This is because the rationale which underlies the Brady rule is not only based upon the desire to proscribe prosecutorial misconduct but to insure that the defendant receives a fair trial. Consequently, the fact that a Government agency suppresses evidence from the prosecutor should not be controlling where such adversely affects the defendant’s right to a fair trial.

However, it has been held the prosecutor need not go out and seek information favorable to an accused from non-governmental third parties. U.S. v. Burns, 668 F.2d 855 (5th Cir. 1982).

Certainly upon defense request a prosecutor has an obligation to exercise due diligence to determine if Government agencies have any information favorable to the defendant. MOORE’S FEDERAL PRACTICE – CRIMINAL RULES § 16.06[1]; U.S. v. Robert, 338 F.2d 640, 648 (2d Cir. 1968).

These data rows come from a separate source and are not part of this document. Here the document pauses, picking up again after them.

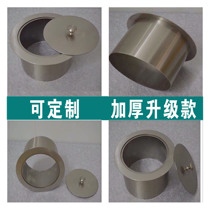 304 stainless steel trash can lid countertop concealed lid kitchen toilet embedded lid round flip lid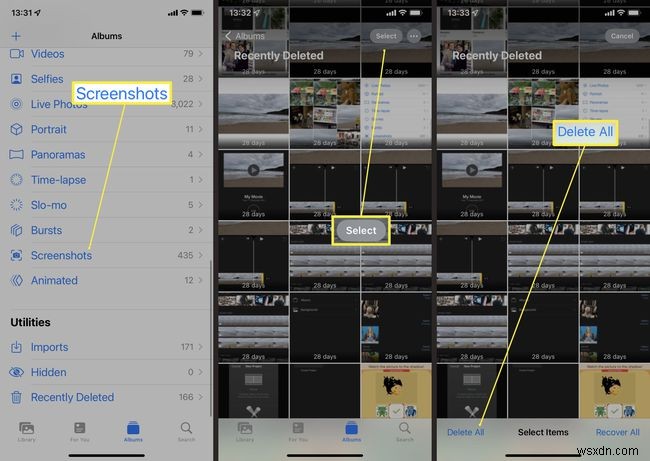 How to Delete Screenshots on iPhone
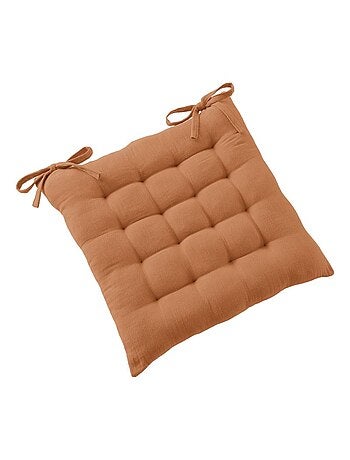 Galette de chaise & Coussin de sol - L'effet papillon - 100% gaze de coton 125 gr/m²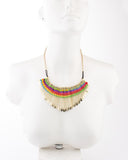 Voylla Artifictial Classic Plain Yellow Gold Plated Alloy Necklace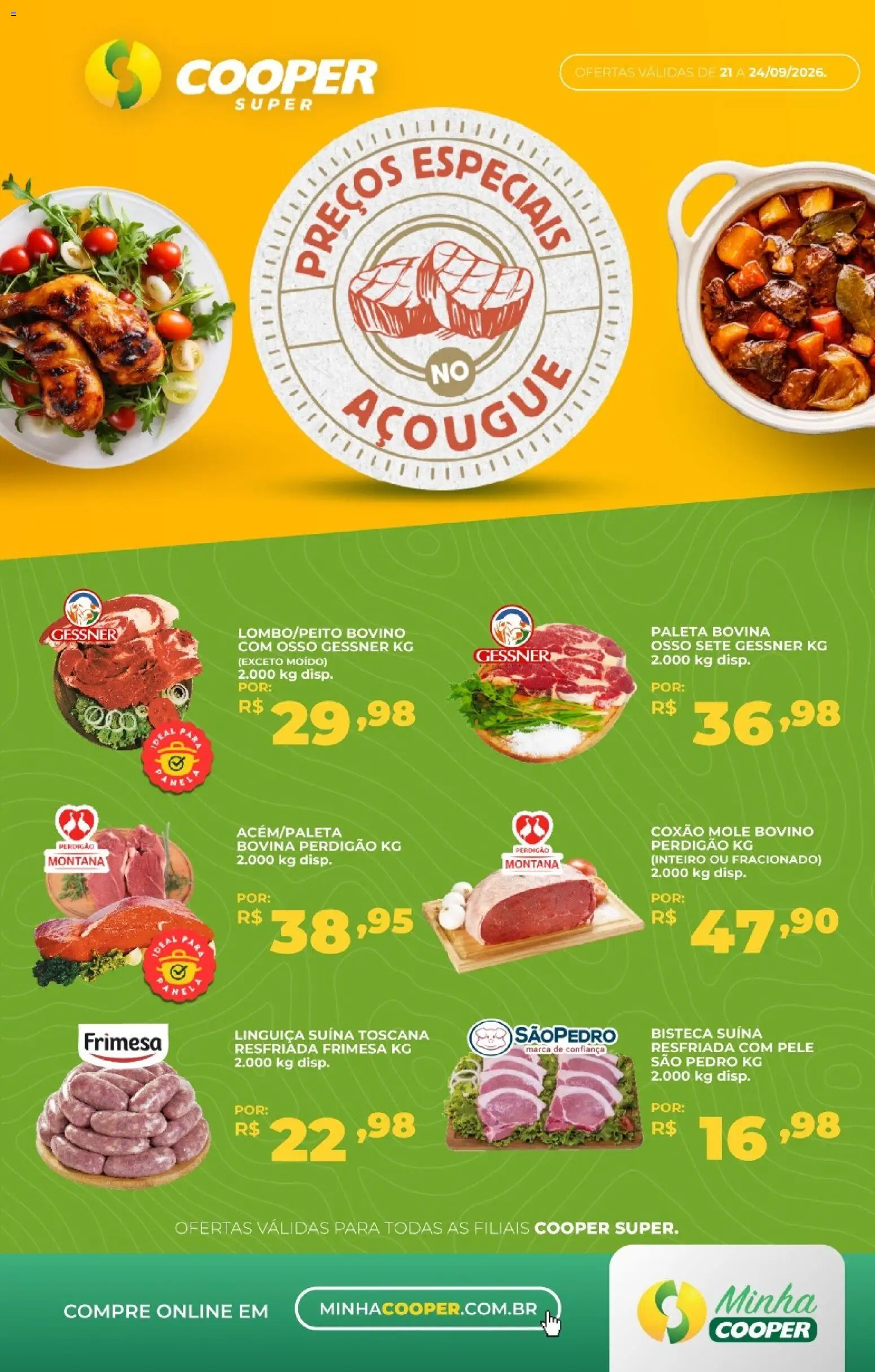 Cooper Segunda-feira 21 Setembro Ofertas Top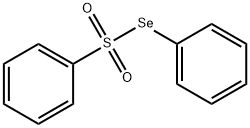 PHENYL(BENZENESELENO)SULFONATE 结构式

Brady motions should be as specific as possible with respect to the items sought (e.g. names, addresses, and statements of witnesses to the offense unable to identify the defendant); however, the very nature of the Brady rule makes a particularized request in many instances a practical impossibility.

“If the defense does not known of the existence of the evidence, it may not be able to request its production. A murder trial-indeed any criminal proceeding- is not a sporting event.” Giles v. Maryland, 386 U.S. 66 (1967) (Fortas, J., concurring).

Cf.       U.S. v. Agurs, 427 U.S. 97 (1976).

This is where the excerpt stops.